___ Working data ___

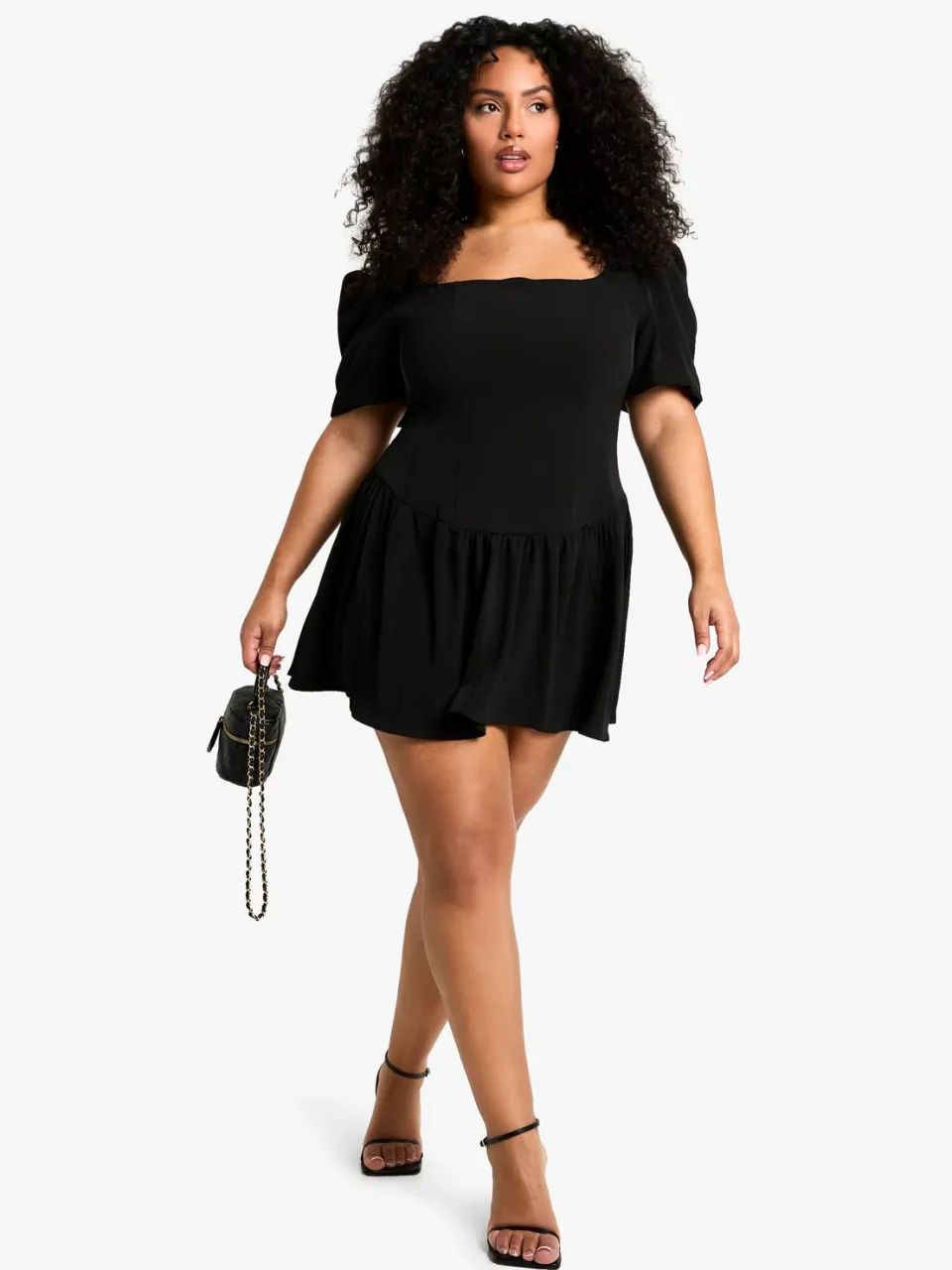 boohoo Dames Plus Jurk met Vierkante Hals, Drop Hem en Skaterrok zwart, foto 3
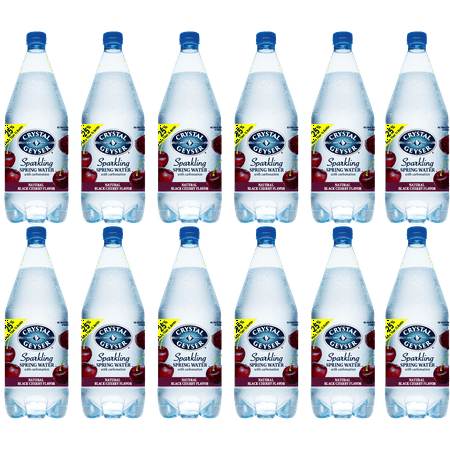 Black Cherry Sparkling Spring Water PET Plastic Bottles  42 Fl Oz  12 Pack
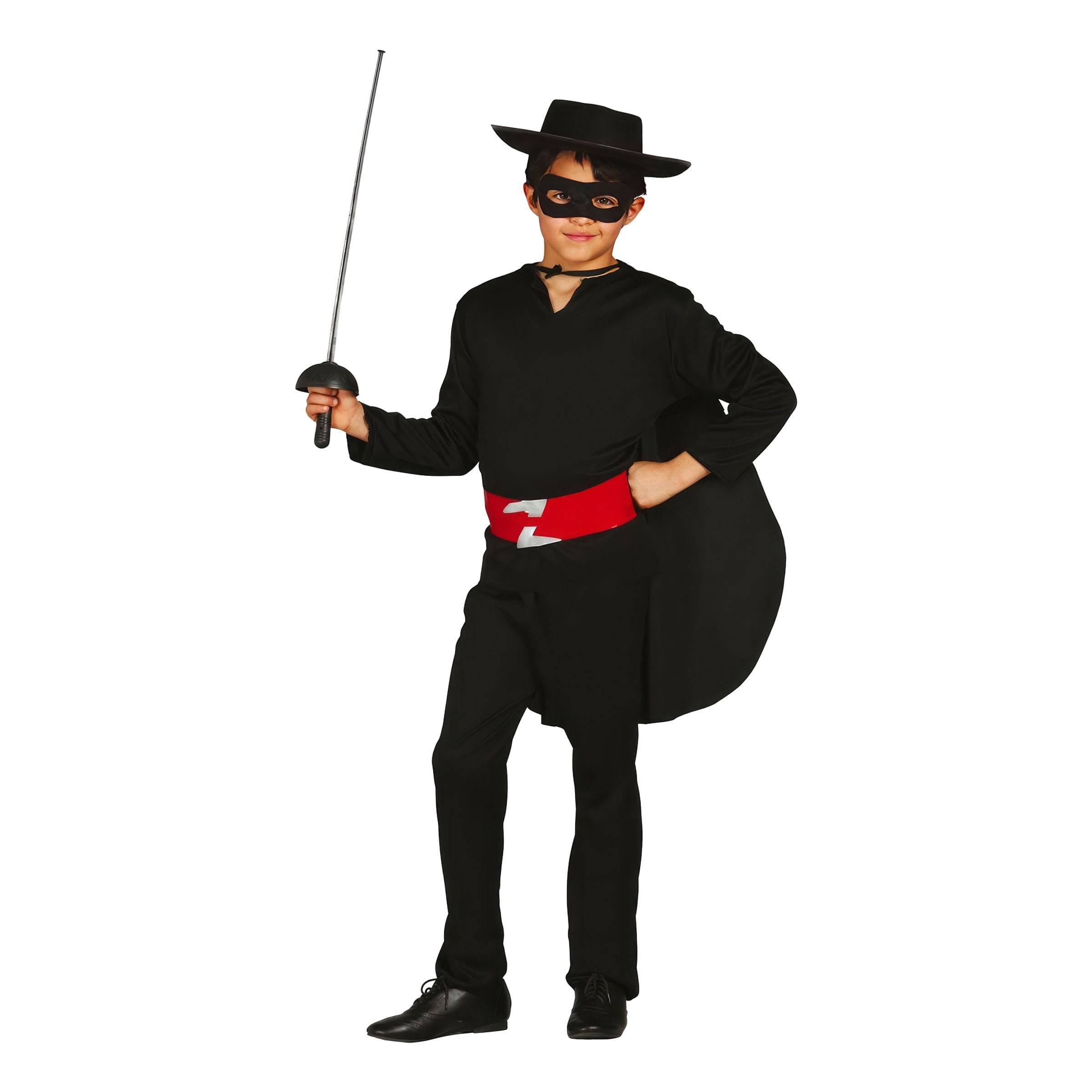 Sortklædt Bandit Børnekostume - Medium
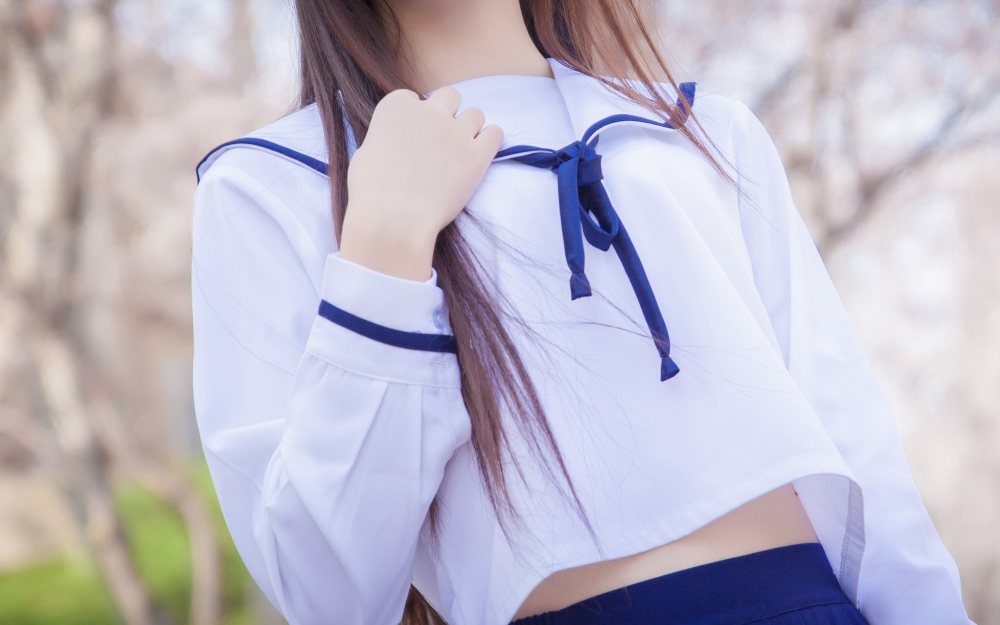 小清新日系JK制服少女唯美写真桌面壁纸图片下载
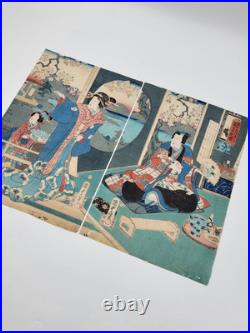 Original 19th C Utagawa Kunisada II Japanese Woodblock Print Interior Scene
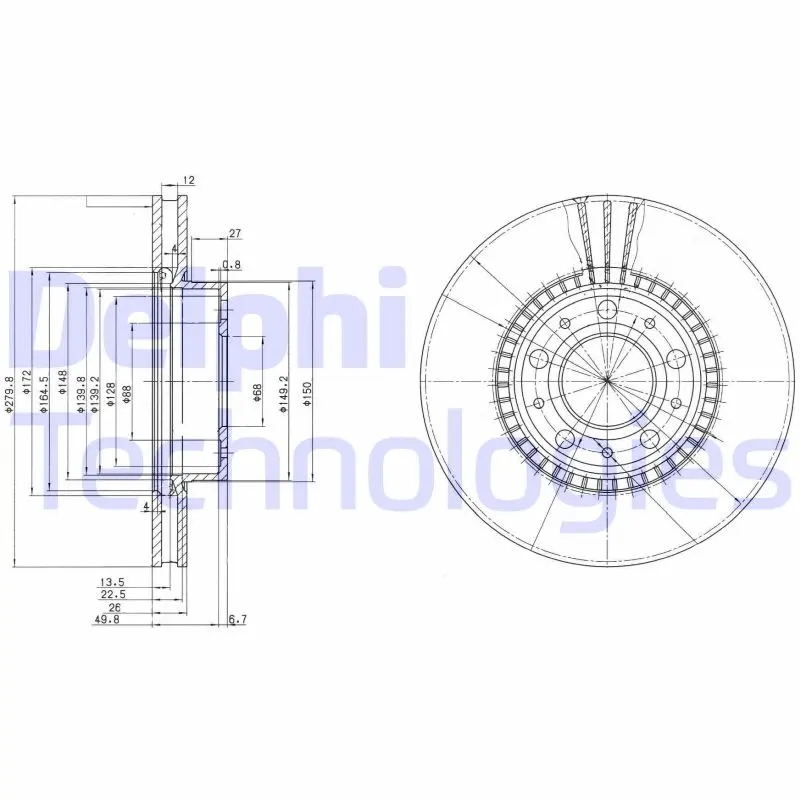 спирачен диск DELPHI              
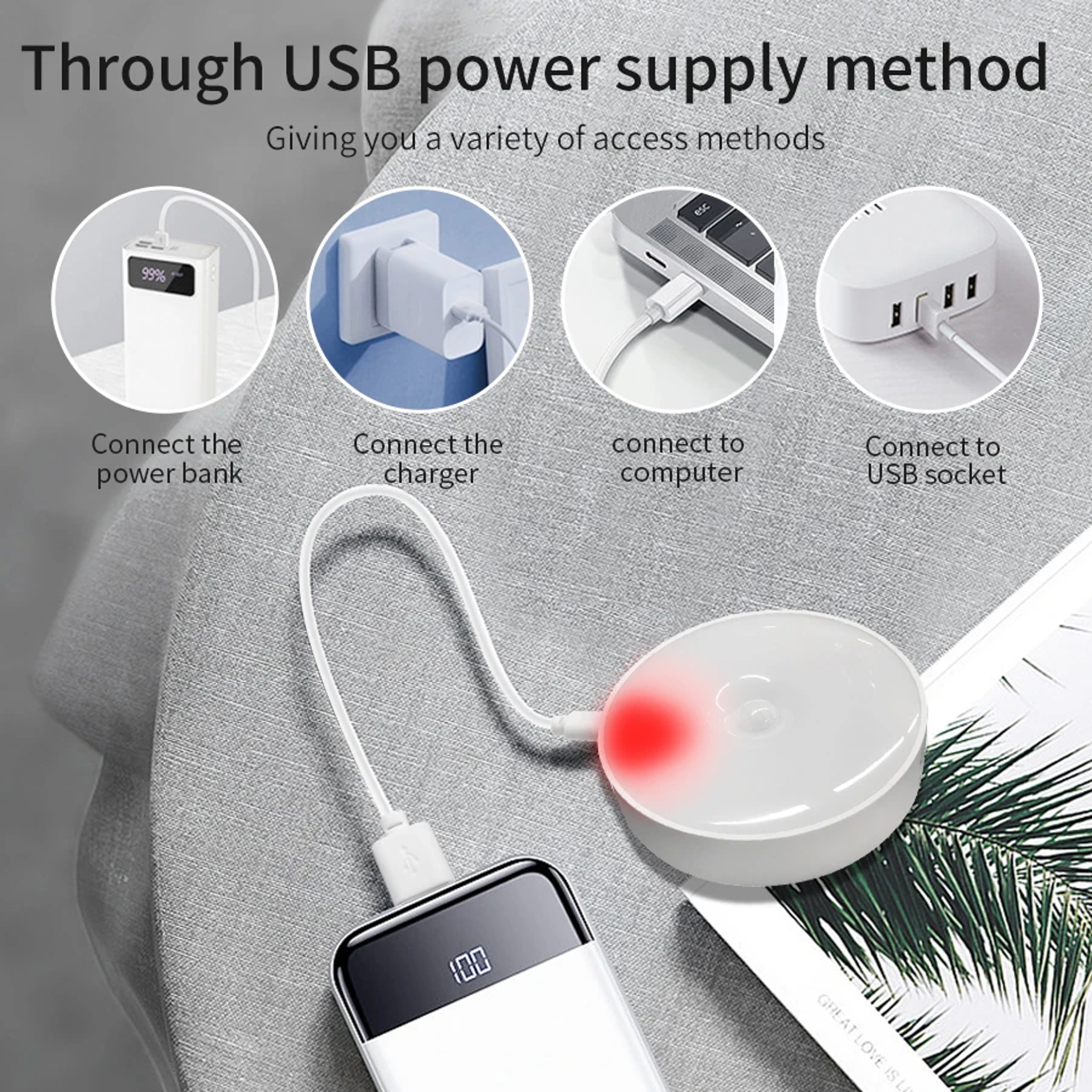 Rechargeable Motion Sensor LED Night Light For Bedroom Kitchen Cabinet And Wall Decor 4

___

■ Task details
Before answering, please find the line containing "Original 19th C" above, then copy exactly from it through the last line of the entries, both included, without pictures.

■ Response
 Original 19th C Utagawa Kunisada II Japanese Woodblock Print Interior Scene
 спирачен диск DELPHI              
 Rechargeable Motion Sensor LED Night Light For Bedroom Kitchen Cabinet And Wall Decor 4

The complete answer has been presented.